Growing evidence indicates that toxicity of fine particulate matter ≤ 2.5 μm in diameter (PM2.5) differs by chemical component. Exposure to components may differ by population.


We investigated whether exposures to PM2.5 components differ by race/ethnicity, age, and socioeconomic status (SES).


Long-term exposures (2000 through 2006) were estimated for 215 U.S. census tracts for PM2.5 and for 14 PM2.5 components. Population-weighted exposures were combined to generate overall estimated exposures by race/ethnicity, education, poverty status, employment, age, and earnings. We compared population characteristics for tracts with and without PM2.5 component monitors.
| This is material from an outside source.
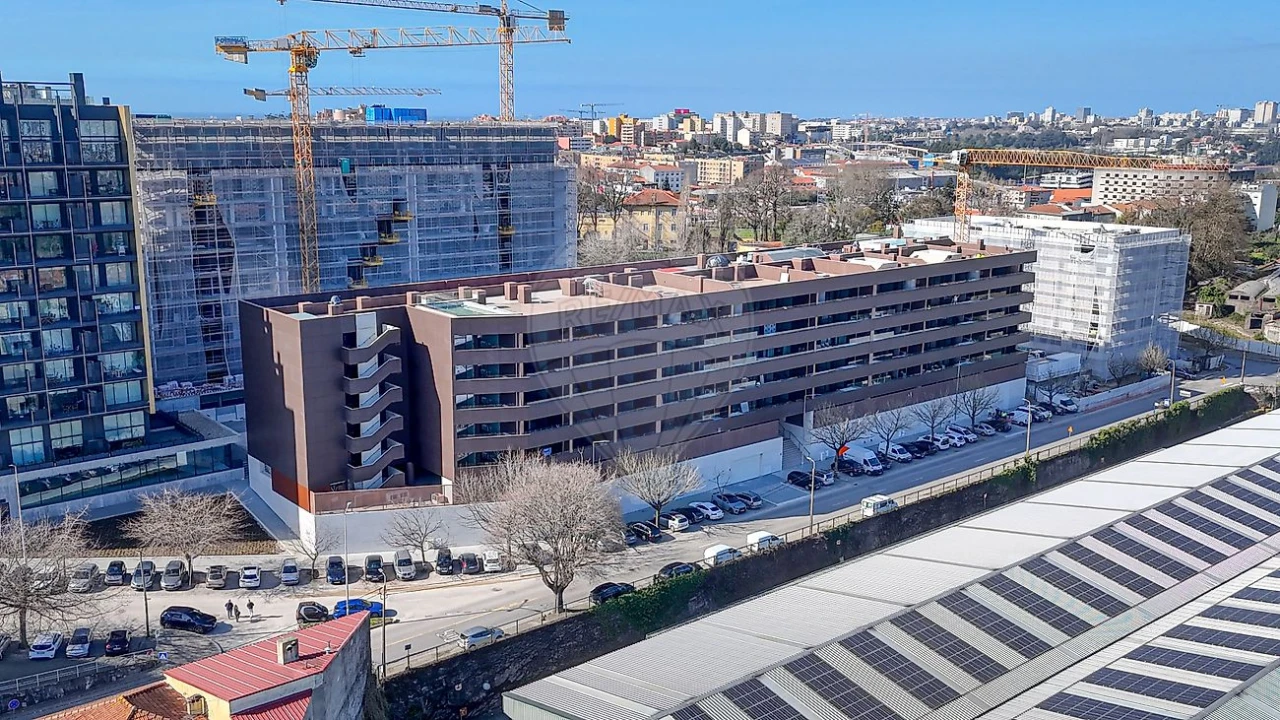 Apartamento T2 para Arrendamento em Santa Marinha e São Pedro da Afurada Foto 22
Larger disparities in estimated exposures were observed for components than for PM2.5 total mass. For race/ethnicity, whites generally had the lowest exposures. Non-Hispanic blacks had higher exposures than did whites for 13 of the 14 components. Hispanics generally had the highest exposures (e.g., 152% higher than whites for chlorine, 94% higher for aluminum). Young persons (0-19 years of age) had levels as high as or higher than other ages for all exposures except sulfate. Persons with lower SES had higher estimated exposures, with some exceptions. For example, a 10% increase in the proportion unemployed was associated with a 20.0% increase in vanadium and an 18.3% increase in elemental carbon. Census tracts with monitors had more non-Hispanic blacks, lower education and earnings, and higher unemployment and poverty than did tracts without monitors.


Exposures to PM2.5 components differed by race/ethnicity, age, and SES. If some components are more toxic than others, certain populations are likely to suffer higher health burdens. Demographics differed between populations covered and not covered by monitors.